## Exercise instructions
Begin at the line where "NEW lot Two" appears and reproduce exactly every line through the end of the data below, both included, skipping pictures.

## Data
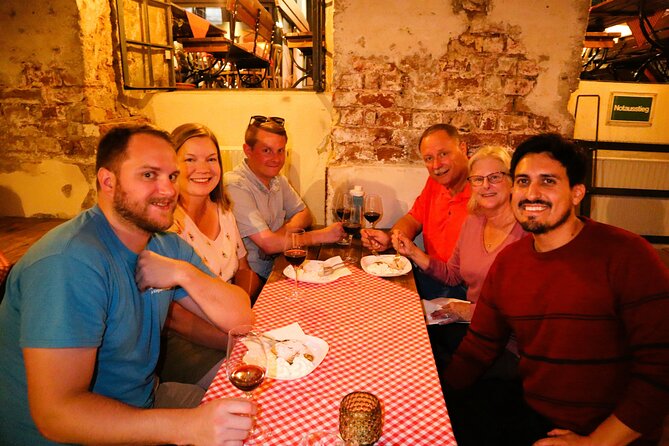 Food Tasting Tour in Hidden Gems of Vienna for Small Groups - Stop 3: Das Käuzchen for Grüner Veltliner With Sausage and Goulash Sauce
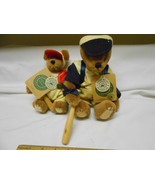 NEW lot Two Boyd&#39;s Baseball Bears Slugger &amp; Yogi Investment Collectables... - £11.14 GBP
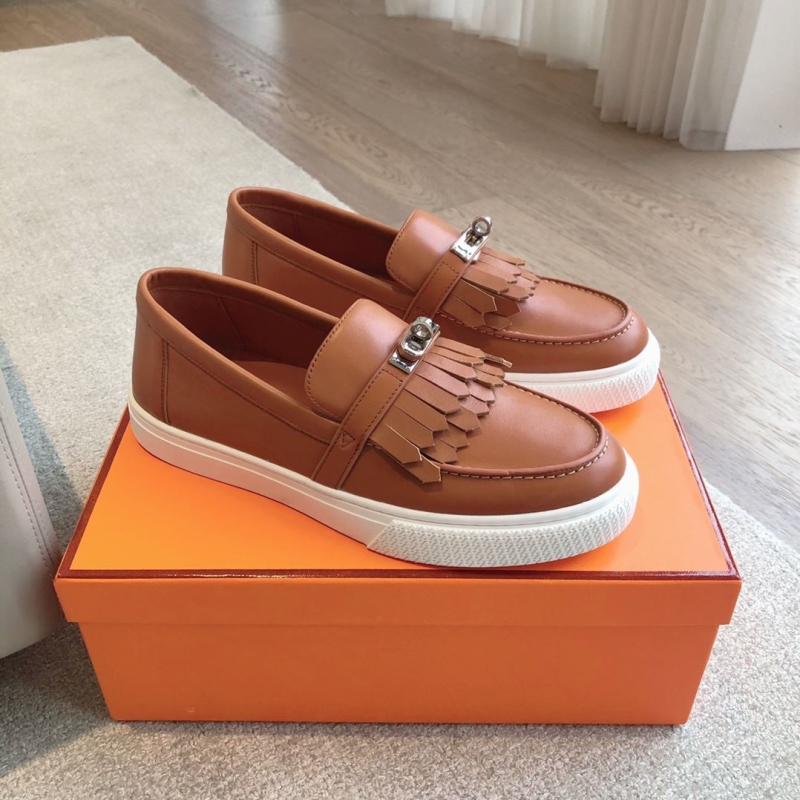 Hermes Leather Shoes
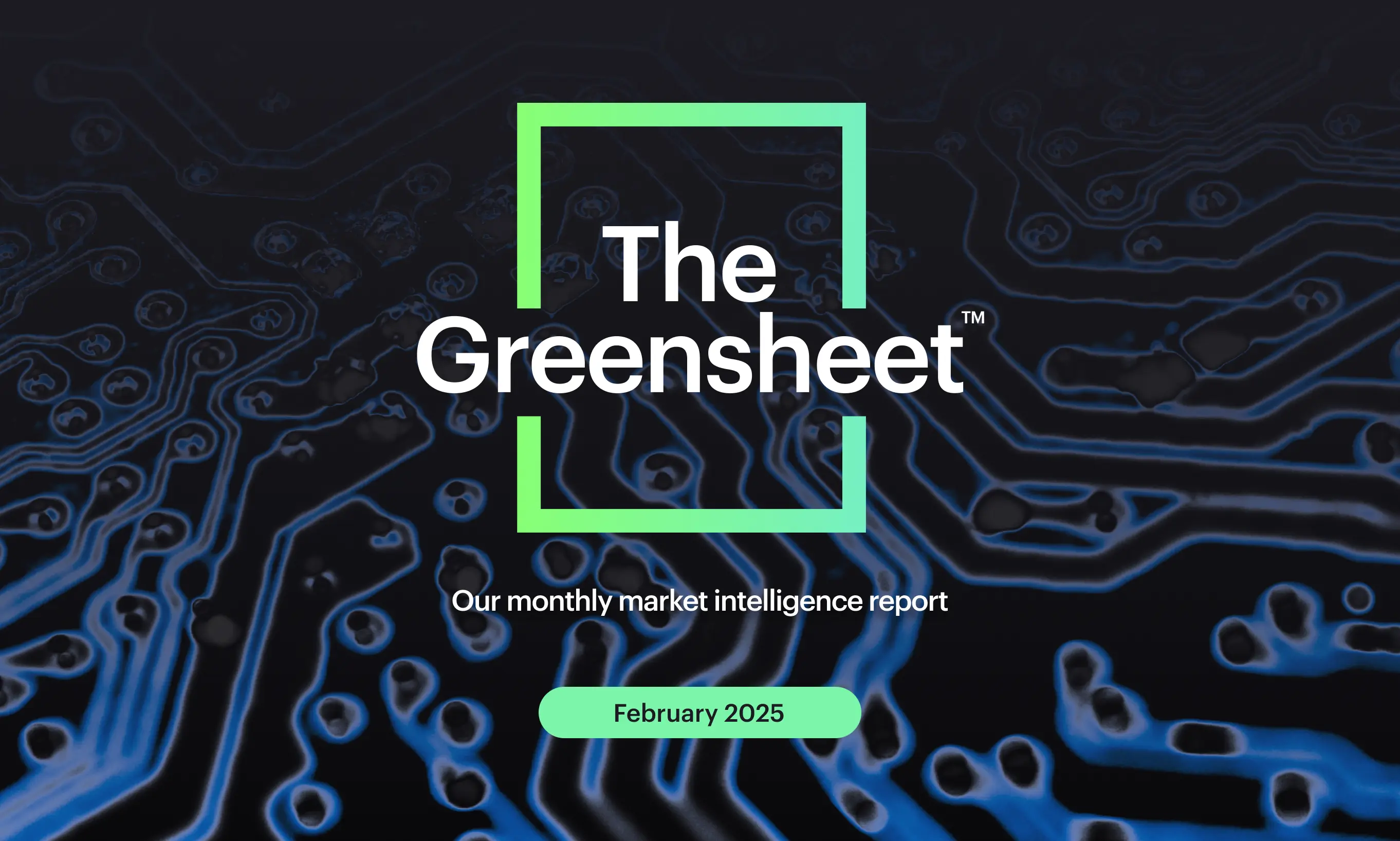 The Greensheet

## Completed task
 NEW lot Two Boyd&#39;s Baseball Bears Slugger &amp; Yogi Investment Collectables... - £11.14 GBP
 Hermes Leather Shoes
 The Greensheet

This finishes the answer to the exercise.